Data:

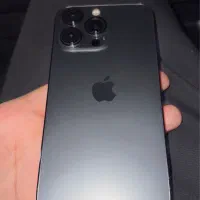 فروش فوریiPhone 13 Pro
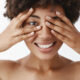 Remedies  For Eye Bags: Here’s How To Treat Them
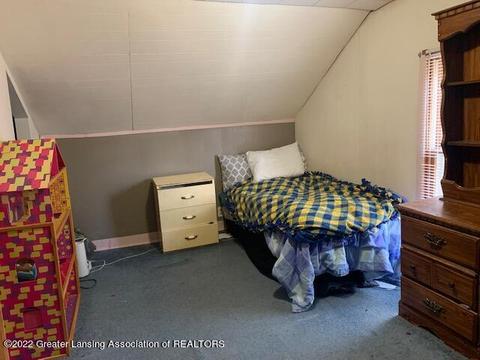10502 S Tallman Rd, Eagle, MI 48822 photo 15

Instructions to follow: Output only these lines, word for word: the line containing "Remedies  For Eye" and every line after it through the last line of the data. Omit the pictures.

Answer box:
 Remedies  For Eye Bags: Here’s How To Treat Them
10502 S Tallman Rd, Eagle, MI 48822 photo 15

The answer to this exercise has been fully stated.